§ WHAT THE TASK ASKS
Omit every picture and return the rest of the data unaltered.

§ STORED DATA
....
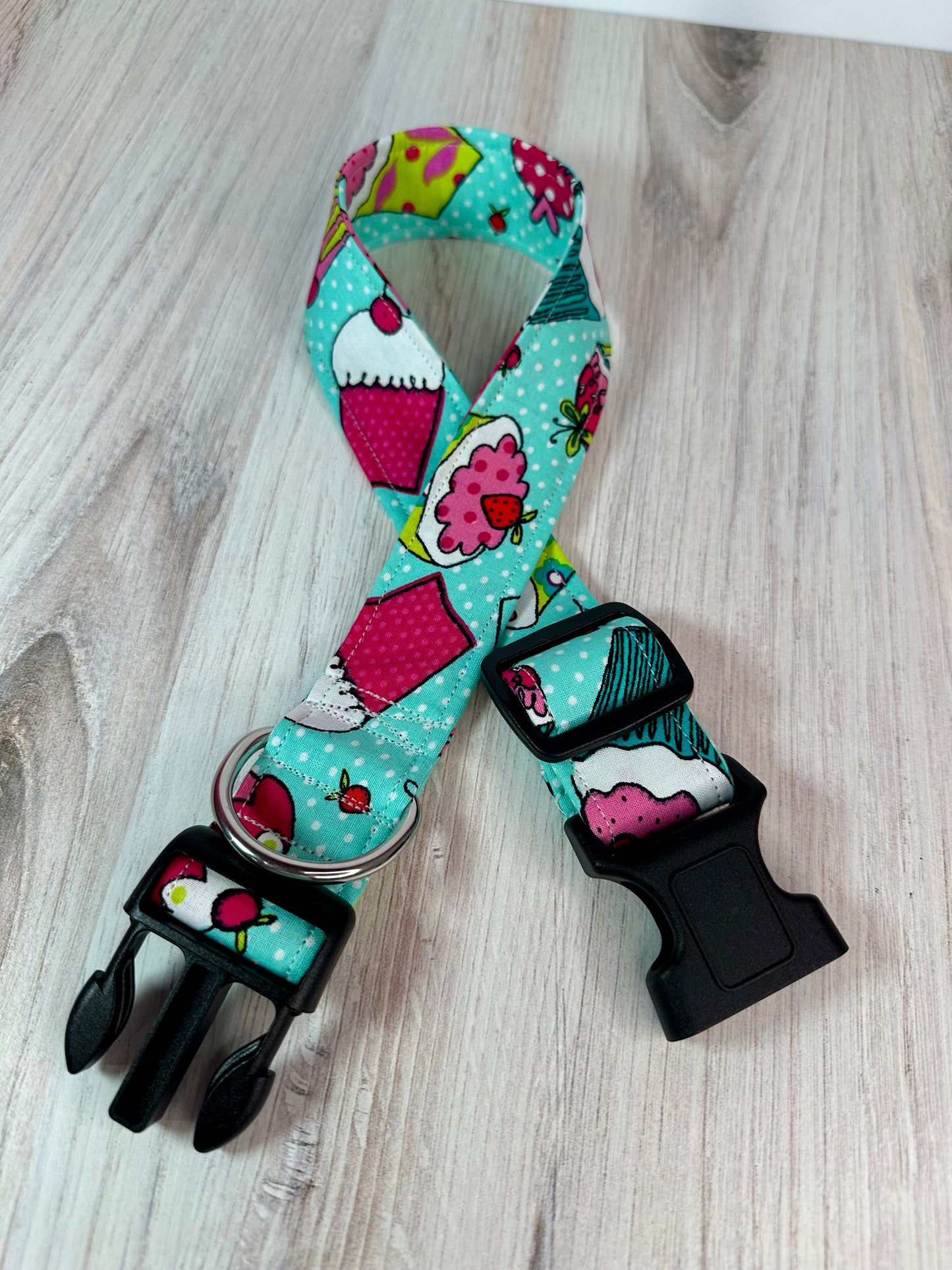 Cupcake dog collar, handmade side release adjustable collar
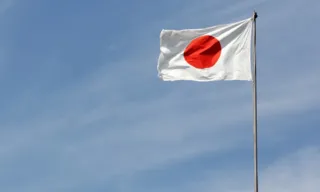 Imagem ilustrativa da imagem Bolsa japonesa fecha com maior queda da história. Entenda motivo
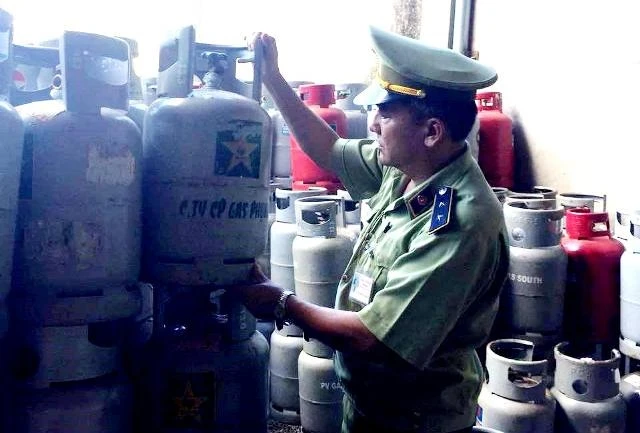 Lực lượng QLTT tỉnh Đác Lắc kiểm tra vỏ bình gas tại doanh nghiệp tư nhân thương mại dịch vụ Thanh Tin.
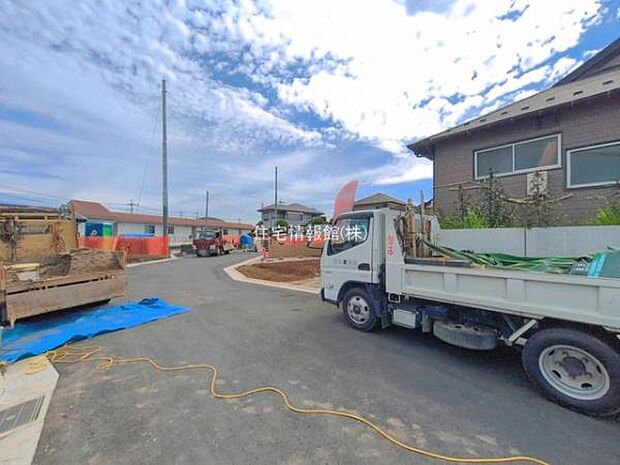 前面道路を含めた現地写真です。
....
§ COMPLETED EXERCISE
 Cupcake dog collar, handmade side release adjustable collar
 Imagem ilustrativa da imagem Bolsa japonesa fecha com maior queda da história. Entenda motivo
 Lực lượng QLTT tỉnh Đác Lắc kiểm tra vỏ bình gas tại doanh nghiệp tư nhân thương mại dịch vụ Thanh Tin.
 前面道路を含めた現地写真です。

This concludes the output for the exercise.